The irony was that there was bad taxidermy after all. He hadn’t been good at it. Those poor women. Bad enough that he had killed them at all, but their bodies were preserved so badly that they barely looked human. At first she had thought they were festival costumes with poorly-constructed masks, draped over dress-maker’s dummies. Something. Not people.
Cobwebs draped each of the figures. There were seven in all.
“What on earth…” she said, peering more closely. “What are—oh god—“
When Althea realized what they were, she sat down in the middle of the floor and put her hands over her face. The lawyer caught her shoulder. “Miss—miss—“ and then, bless him, he picked her up bodily and carried her out of that terrible room.

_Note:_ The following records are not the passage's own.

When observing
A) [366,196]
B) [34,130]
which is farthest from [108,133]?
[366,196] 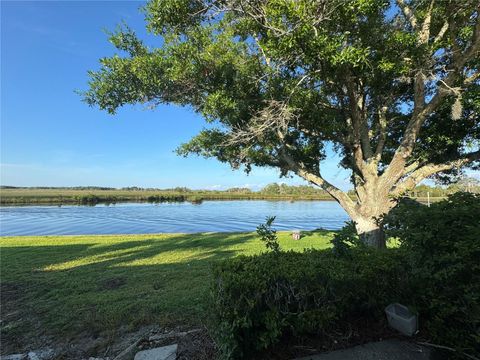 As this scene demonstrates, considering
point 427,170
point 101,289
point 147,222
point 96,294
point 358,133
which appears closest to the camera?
point 96,294

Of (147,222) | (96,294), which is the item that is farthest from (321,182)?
(147,222)

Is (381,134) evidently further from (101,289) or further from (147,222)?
(147,222)

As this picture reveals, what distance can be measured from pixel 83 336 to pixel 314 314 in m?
2.87

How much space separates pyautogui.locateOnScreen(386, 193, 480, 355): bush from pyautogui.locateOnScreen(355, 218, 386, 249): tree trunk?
3.82 metres

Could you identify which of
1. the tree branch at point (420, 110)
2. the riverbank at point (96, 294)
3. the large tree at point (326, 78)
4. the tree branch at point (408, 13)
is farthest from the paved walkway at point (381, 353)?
the tree branch at point (408, 13)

She didn’t go back. They had men out—constables and investigators and who knew what. They went into the room and took the pitiful contents out. Althea laid in bed for three days, her mind a great roaring silence, and then her sisters arrived and she rose off her bed long enough to throw them out again.
Once she was up, she figured that she might as well stay up. She packed the entire household up in a week, left most of the furniture to the lawyers to auction off, and went to the hunting lodge in the country. Before the horses were even unloaded, she went into every room, throwing the doors and windows open, letting light shine into every crack of the house.
There were no dead women there. She moved in at once.
It was not a bad place. It was rougher than the manor house, and the cook complained endlessly about the stove, but be damned if she was moving to the townhouse to be the butt of pity and accusation. She walked through the woods every day, wearing mourning black, not entirely sure who she was mourning for.
She still missed her husband sometimes. Every time it felt like a betrayal of those women—those other wives—and yet it was what she felt. Twenty-seven years of living with someone, sharing their bed and crying on their shoulder, were not so easily erased. There was a great deal of guilt and fury as well—enough to fill an ocean, enough to make her pound her fists on the walls and howl—but there was no one she could talk to. No one else had even been in this situation. The one person she could always talk to, the one who would have listened, was dead. And a murderer. But mostly dead.
When the lawyers found her at last, and made their report, she learned that she had a great deal of money. A murderer’s estate was automatically forfeit to the Crown, but apparently her husband had, in the last few months of his life, put everything into a trust in her name—except for the manor house.
Very well. Let it be someone else’s problem now.
She also learned that around the neck of each of his dead wives had been a necklace, and on each necklace hung a brilliant golden key.
“How frustrating that must have been for him,” she said, and laughed a little to herself. Her laughter sounded rusty and disused, but it was a laugh all the same.
She really hadn’t known.
She’d just thought that that the world was a complicated place, and everyone in it deserved a little bit of privacy, and perhaps a room of one’s own.